British coffee roaster and seller

Monmouth Coffee Company is a coffee roaster, retailer and wholesaler in London, which was founded in 1978. It played an important role in regenerating Neal's Yard and Borough Market. It has remained focused on roasting and selling coffee beans and was one of the foundations for the third wave of coffee in London after the year 2000.

==History==
Monmouth Coffee was founded in 1978 by Nick Saunders and Anita Le Roy. Le Roy later took over the business. Together with Neal's Yard Dairy and Saunders' other businesses, Monmouth Coffee transformed the run down area around Neal's Yard in Covent Garden, central London. The original shop is at 27 Monmouth Street, a grade II listed 18th-century terraced house. The basement was used to roast coffee and the ground floor as a tasting room.
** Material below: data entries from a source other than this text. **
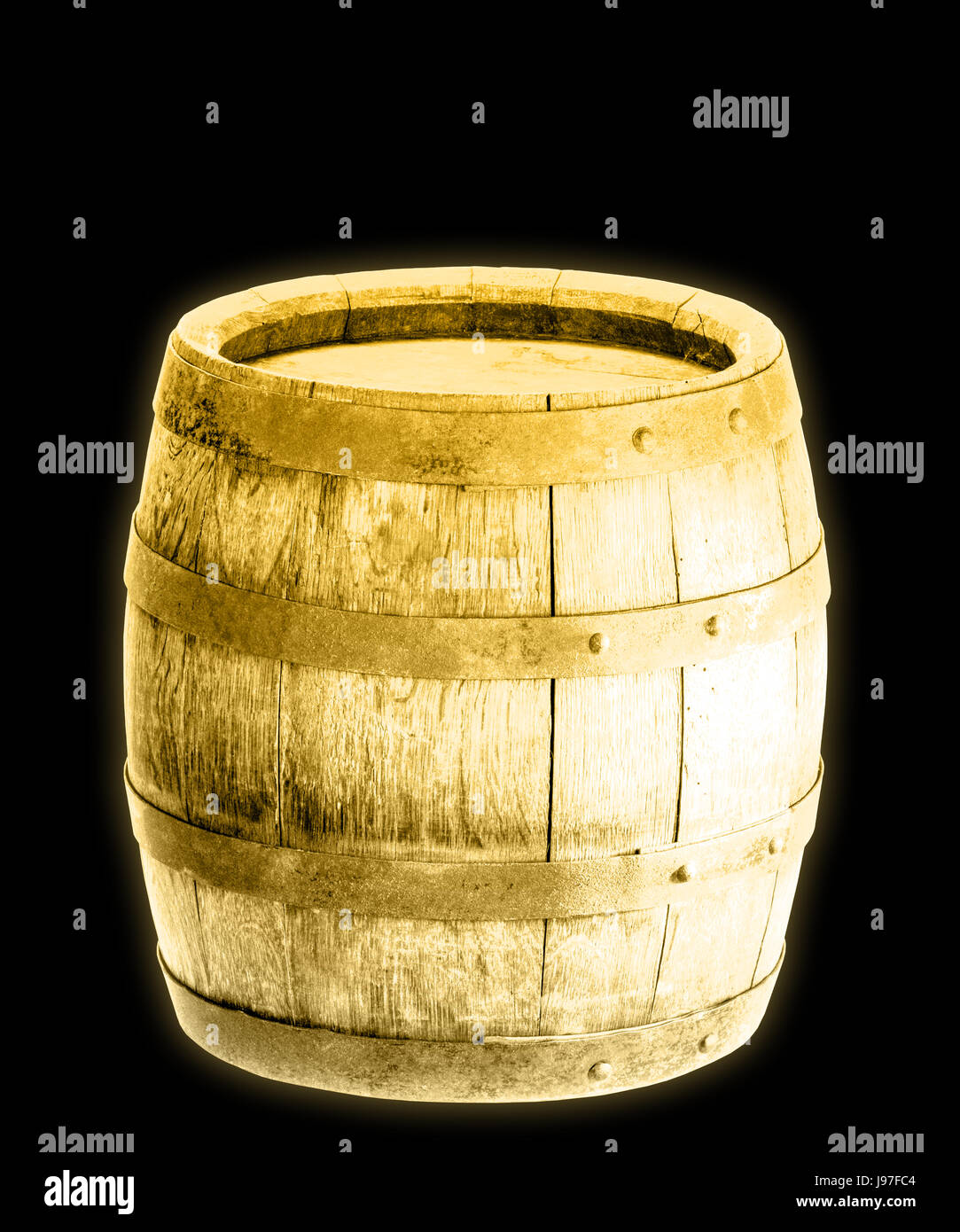 Gold barrel isolated against the black background Stock Photo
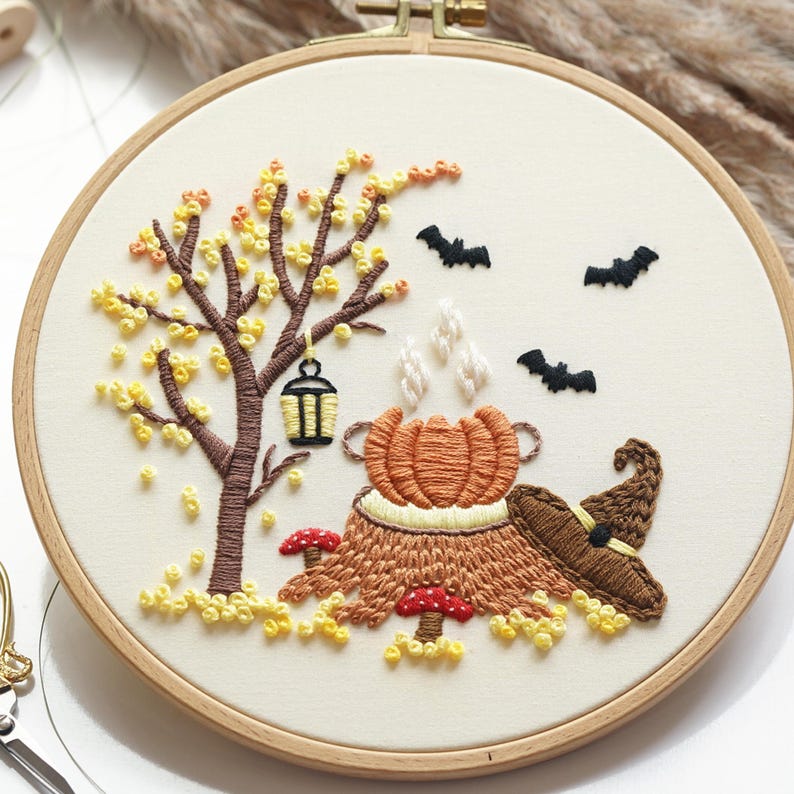 May include: A circular wooden embroidery hoop containing a fabric panel with a hand-stitched autumn scene. The design features a brown tree with yellow leaves, a hanging lantern, a steaming orange pumpkin, red mushrooms, and black bats.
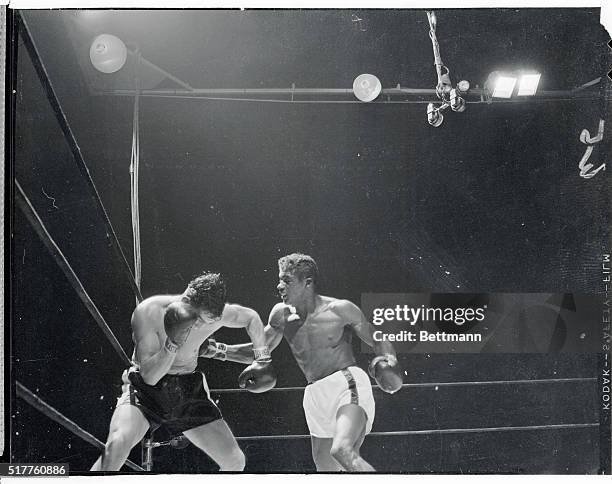 Floyd Patterson, Brooklyn light-heavyweight, lands a right to the body of Joe Gannon during their eight-rounder at the Garden tonight. Patterson,...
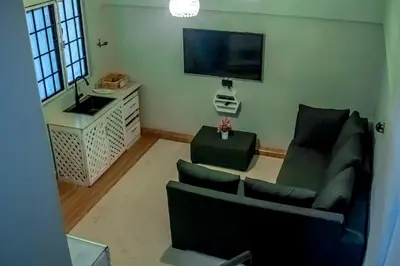 a living room with a couch and a tv at Subira Home in Arusha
In its early years, the shop sold three or four kinds of green or roast coffee beans in sacks containing one, three, seven or ten pounds. Le Roy wanted to buy coffee from individual farmers, but that was not possible until 1996, when a new coffee importer, Mercanta, opened. Monmouth Coffee was one of their early customers. Monmouth Coffee and Mercanta were a foundation for the third wave of artisan coffee shops in London after 2000 and several Monmouth Coffee baristas went on to found their own coffee businesses.

Monmouth Coffee has expanded gradually, while remaining focused on roasting and selling coffee beans. A coffee stall was opened in Borough Market in 1999, followed by a second shop in a former fruit and vegetable warehouse in the market in 2001. Along with Brindisa and Neal's Yard Dairy, Monmouth Coffee played an important role in the revival of Borough as a retail food market. In 2007 the roastery was moved to three railway arches in Maltby Street, Bermondsey. In 2009 an arch was opened to sell coffee on Saturdays and other local traders followed suit, forming Maltby Street Market. In 2018 the company headquarters moved into five railway arches at Spa Terminus in Bermondsey, where Monmouth Coffee, Neal's Yard Dairy and a property company had taken a lease on a stretch of railway arches around the former Spa Road railway station to provide accommodation for food manufacturers and wholesalers.

==Activities==
Monmouth Coffee sources coffee beans from individual farms and roasts them in its roastery in Bermondsey. Its staff visit producers to find new suppliers, then the company signs long term contracts to secure its supply of high-quality coffee.

It sells coffee beans direct via its website, and via its two retail shops, which also serve coffee to drink. The roastery also opens as a retail shop on Saturdays.